Money management 101 for kids
Society has grown accustomed to seeking instant gratification, and unfortunately South Africans are often referred to as materialistic and in debt. The Covid-19 pandemic has seen many of us learn the hard way when it comes to managing our money, which is why now is also the perfect opportunity to teach our children to do it differently. in order to be better prepared for the unexpected. .
Did you know?
According to Christelle Louw, consulting partner at Citadel Wealth, a SARB study found that the average South African spends 70% of their income on debt.
Louw says it’s important to encourage kids to start managing their money early on.
“Parents normally want to provide their children with the perks and perks that they have never enjoyed, and recklessly lean towards material things and spend a lot of money on instant gratification for their children. But, the greatest gift they can give to their children as well as to their own futures are the long term rewards that grow over time.

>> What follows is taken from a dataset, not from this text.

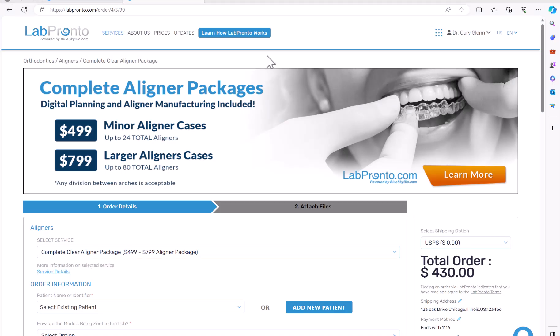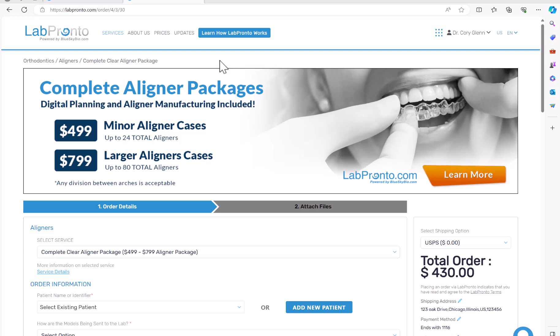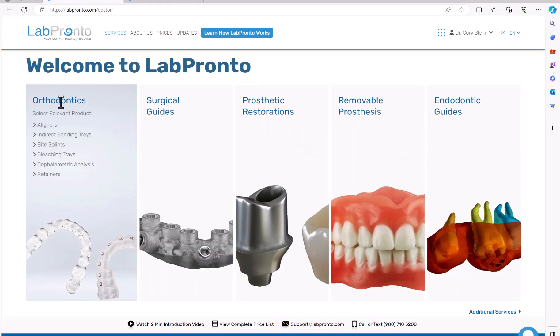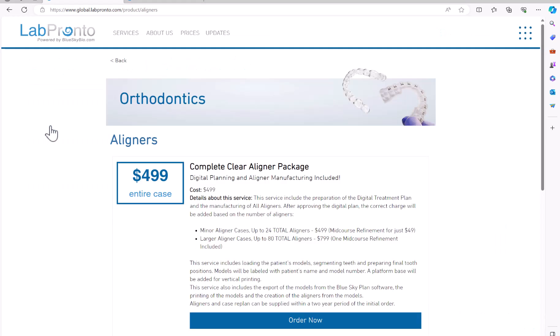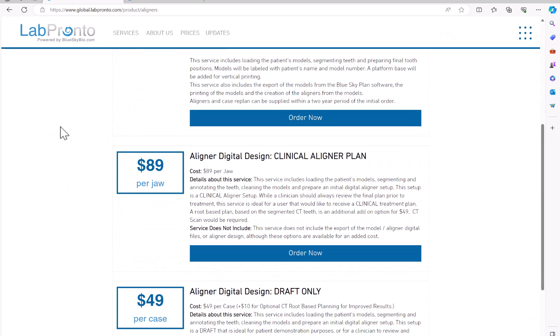If you would like assistance with your aligner cases — either for the digital tooth setup or the complete aligner package, both taking advantage of true anatomical tooth movement — you can place orders via labpronto.com. Aligners can be manufactured at fantastic pricing, or you can order just the digital tooth setup by going to labpronto.com, choosing Orthodontics > Aligners, and selecting the relevant package.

According to Louw, parents should teach their children the principles of sound financial management, involve them concretely in budgeting and saving, demonstrating the gains made and the solid foundations being built for their future.
Open a savings plan
To get started, consider opening a savings plan to which you, as parents, contribute the same amount that the children save. Seeing the amount increase will encourage children to save more and it will also help them understand what the tangible benefits of this saving will be in the long run.
READ: How a Budget Can Help You Reach Your Savings Goals
To be rich VS to be rich
Children are constantly exposed to materialistic things through social media. This is a great opportunity to counter that, by explaining to them the difference between being rich and being rich.

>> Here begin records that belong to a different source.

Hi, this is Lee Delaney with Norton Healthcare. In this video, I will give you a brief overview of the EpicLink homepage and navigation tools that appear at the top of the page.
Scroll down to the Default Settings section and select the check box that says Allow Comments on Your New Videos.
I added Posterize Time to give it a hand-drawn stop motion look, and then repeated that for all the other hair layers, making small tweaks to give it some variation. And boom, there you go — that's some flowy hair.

Being rich can be tied to spending most of the cash, looking for the role, and looking for the limelight. Wealth can be described as the accumulation of assets which is less spectacular and showy on the surface but has solid and reliable results. So teach your kids that long-term stability matters more than flashy social status.
The golden rule when it comes to money
One of the golden rules to teach your children is not to spend what they don’t have. Teach them to plan ahead instead of lending Daddy money. And allow them to reward themselves when they hit their financial goal.
Make your teenager think
The words travel, a good education and a fulfilling lifestyle are often appropriate for teenagers. Remind them that with savings, they will be able to travel, enjoy college more, and maybe even buy a car.
“Having options and choices is a very powerful motivator,” Louw says, and having them in these uncertain times has actually become a necessity.
Help your kids budget
As a parent, it is your responsibility to guide your child in financial planning and making wise money choices. They might not need a financial planner yet, but helping them create long-term strategies (not quick fixes) might point them in the right direction. Talk to them about their monthly needs and help them find ways to fund their short and long term goals. This will create a solid foundation for them from which to build a financial strategy.
Remember to teach your children to avoid splurging on temporary pleasures and instead create a proper financial plan that will allow them to reap the long-term benefits.